** TASK DATA follows **

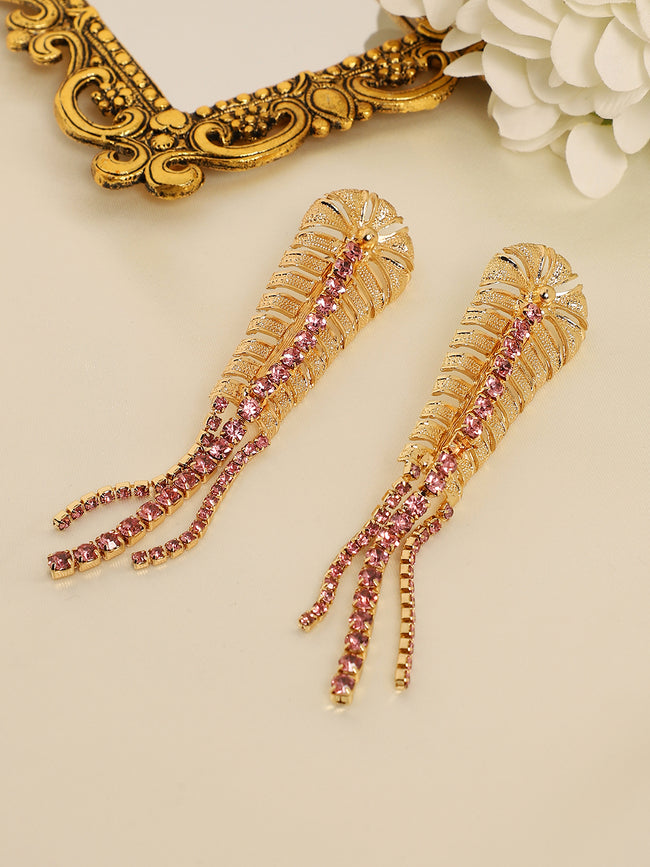 Women Gold Dazzling Droplets Glam Earrings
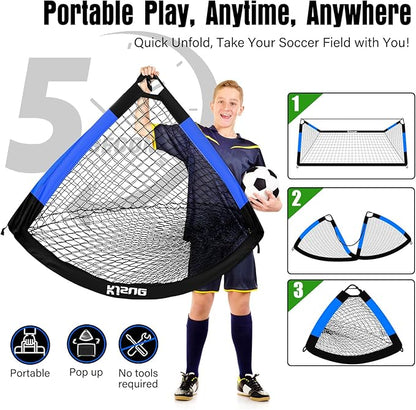 Kids Soccer Goal for Backyard Set - 2 of 6x4 ft Soccer Goals Training Equipment, Soccer Net for Kids Age 3-5 6-8 8-10 10-12, Ball, Targets for Toddler Kid Youth Soccer Games Sports Outdoor Play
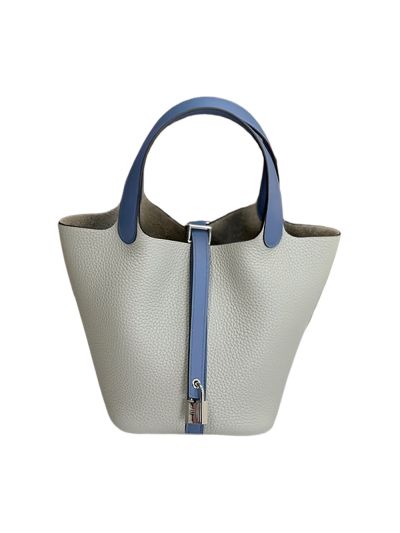 Hermes Picotin Lock 18 Gray Blue Leather Bucket Bag 18x19x13CM 523656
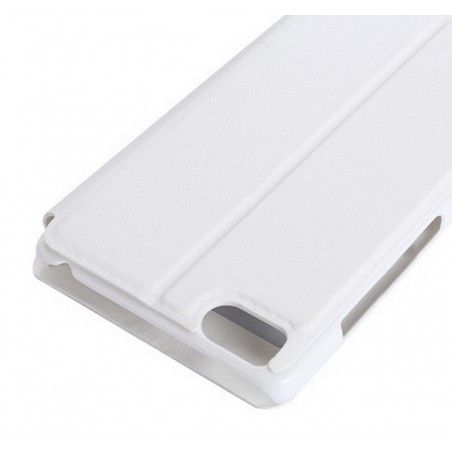 Funda Soporte Piel Blanca Con Ventana para Xiaomi Redmi 3 5" Flip Libro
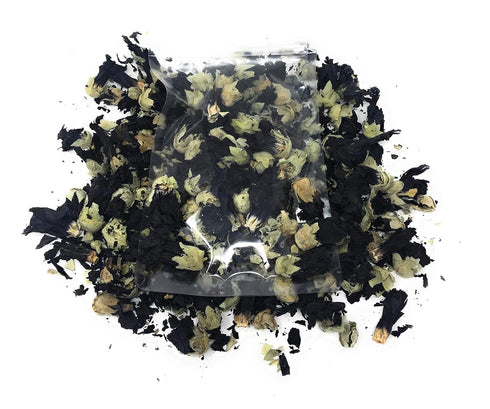 Black Mallow Flower Buds, 0.52oz / 15g - Mesmerizing Black from Germany, Beautiful Eye-catcher for Tea, Salads, and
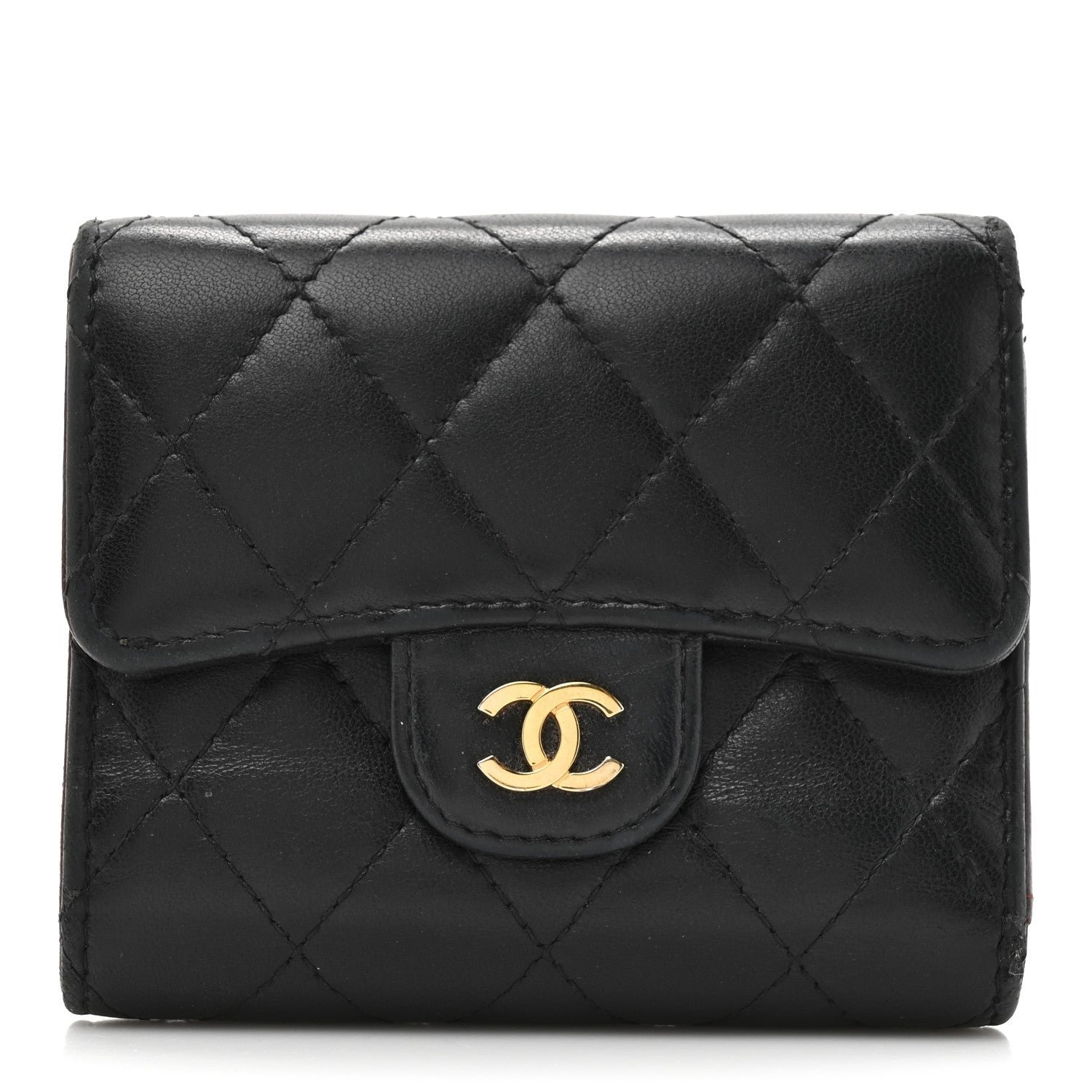 Chanel Lambskin Quilted Compact Flap Wallet Black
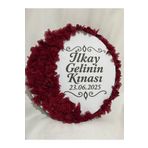 ARHEDİYELİK Gelin Tefi 30cm, İsim ve Tarih Yazılı Yarım Ay Ve Kenar Süslemeli Tasarlanmış Kına Tefi (BORDO)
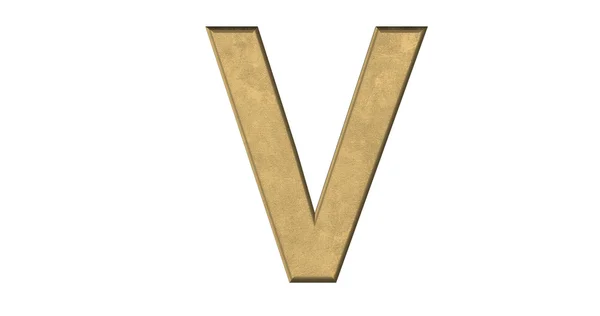 3d rendering of the letter V in brushed metal on a white isolate — Stock Photo, Image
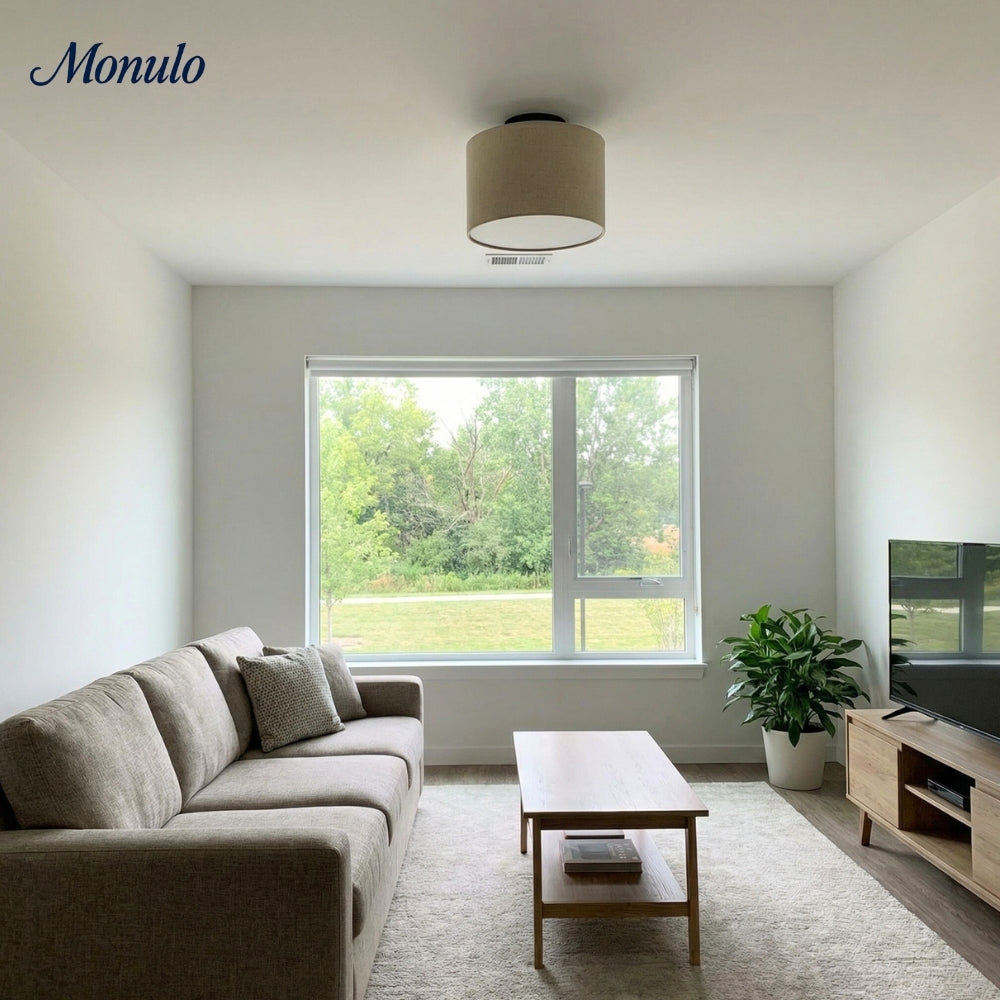 Lámpara de techo empotrada Jelvane Linen Drum: moderna lámpara de techo de tela para dormitorio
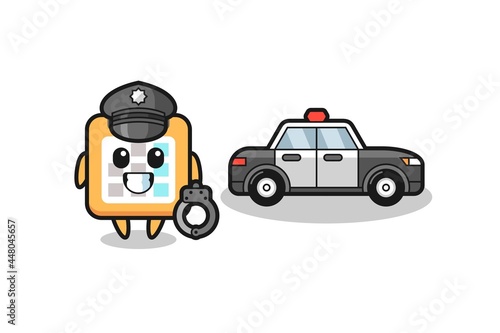 Cartoon mascot of calendar as a police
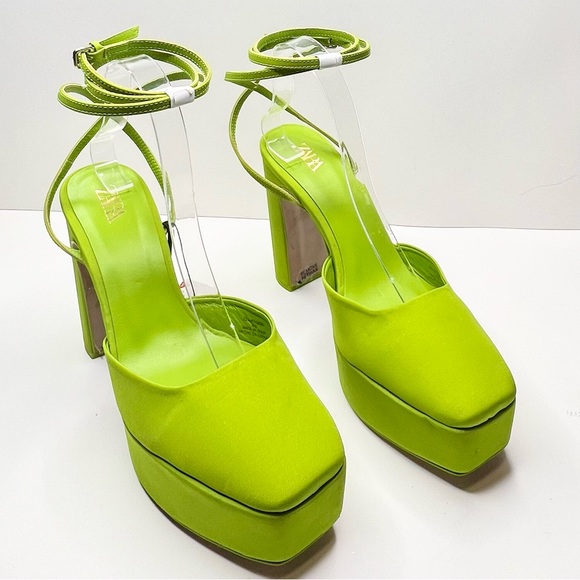 Zara Chunky Heeled Platform Shoes in Neon Green Size 39 - Picture 4 of 12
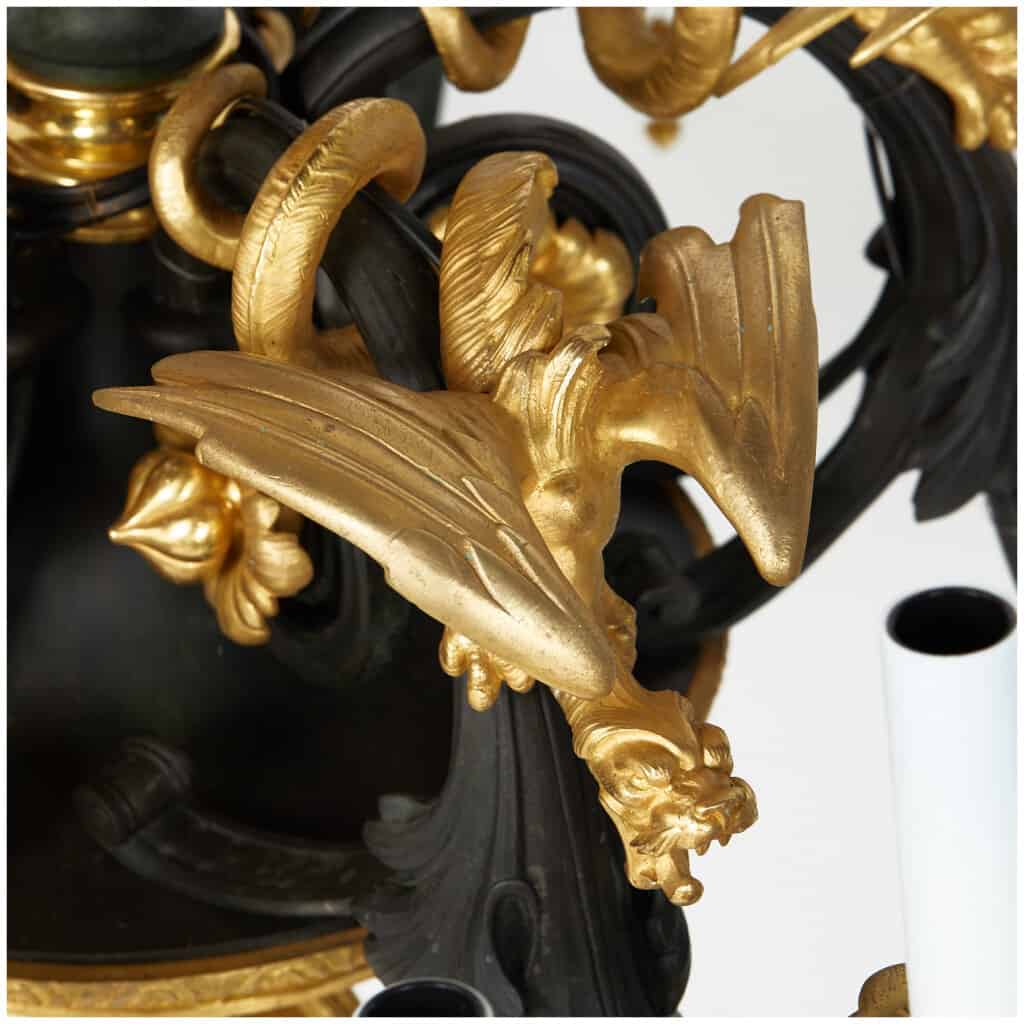 Spectacular chandelier with 5 bronze dragons with double patina, XIXand 4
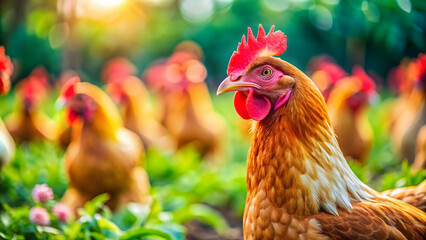 A close-up photo of a lively chicken on a colorful farm, chicken, farm, livestock, bird, rural, agriculture, feathers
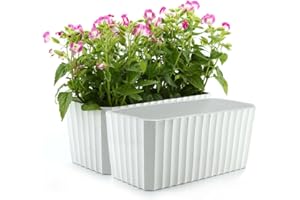 T4U 11 Inch White Plastic Rectangular Planter Set of 2, Self Watering Window Box with Water Level Indicator, Modern Decorativ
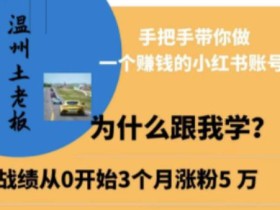 温州土老板·小红书引流获客训练营,手把手带你做一个赚钱的小红书账号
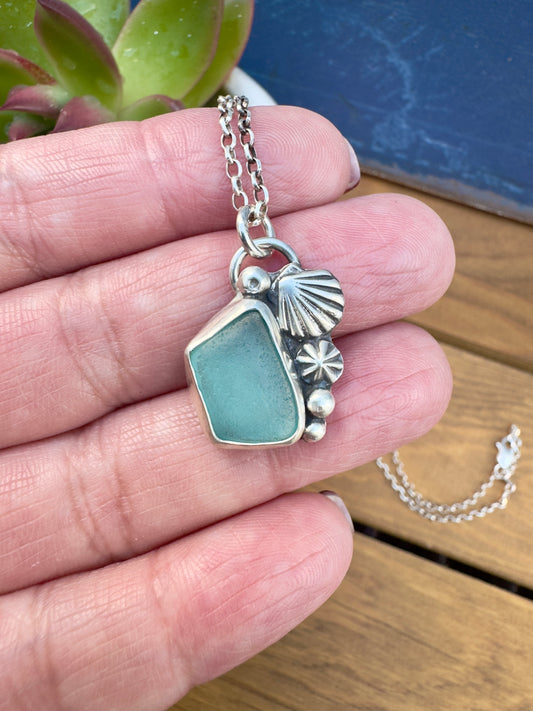 Blue Sea Glass Pendant Necklace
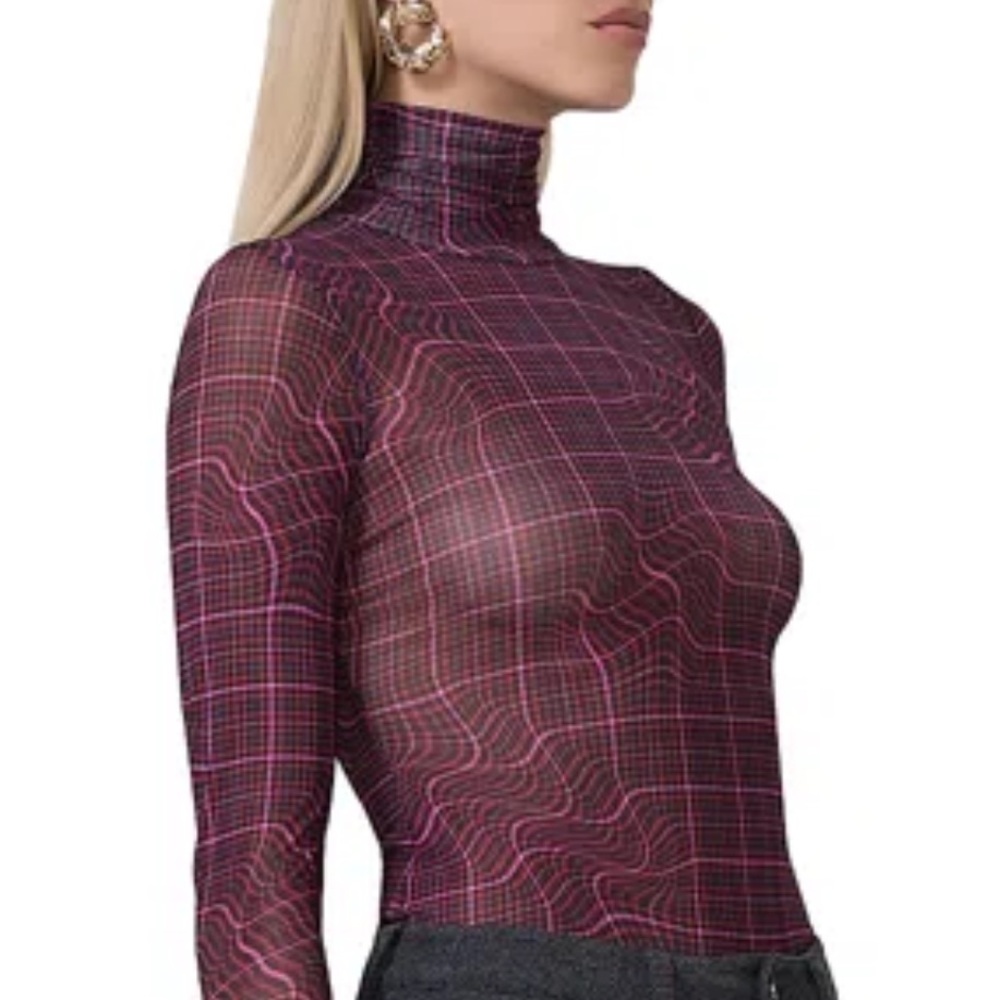 Afrm Zadie Print Turtleneck Mesh Top In Twisted Plaid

** End of TASK DATA **

• ACTIVITY:
Copy word for word each line of the data above, from the first through the one containing "ARHEDİYELİK Gelin Tefi", and include no pictures.

• SOLUTION TO THIS EXERCISE:
 Women Gold Dazzling Droplets Glam Earrings
 Kids Soccer Goal for Backyard Set - 2 of 6x4 ft Soccer Goals Training Equipment, Soccer Net for Kids Age 3-5 6-8 8-10 10-12, Ball, Targets for Toddler Kid Youth Soccer Games Sports Outdoor Play
 Hermes Picotin Lock 18 Gray Blue Leather Bucket Bag 18x19x13CM 523656
 Funda Soporte Piel Blanca Con Ventana para Xiaomi Redmi 3 5" Flip Libro
 Black Mallow Flower Buds, 0.52oz / 15g - Mesmerizing Black from Germany, Beautiful Eye-catcher for Tea, Salads, and
 Chanel Lambskin Quilted Compact Flap Wallet Black
 ARHEDİYELİK Gelin Tefi 30cm, İsim ve Tarih Yazılı Yarım Ay Ve Kenar Süslemeli Tasarlanmış Kına Tefi (BORDO)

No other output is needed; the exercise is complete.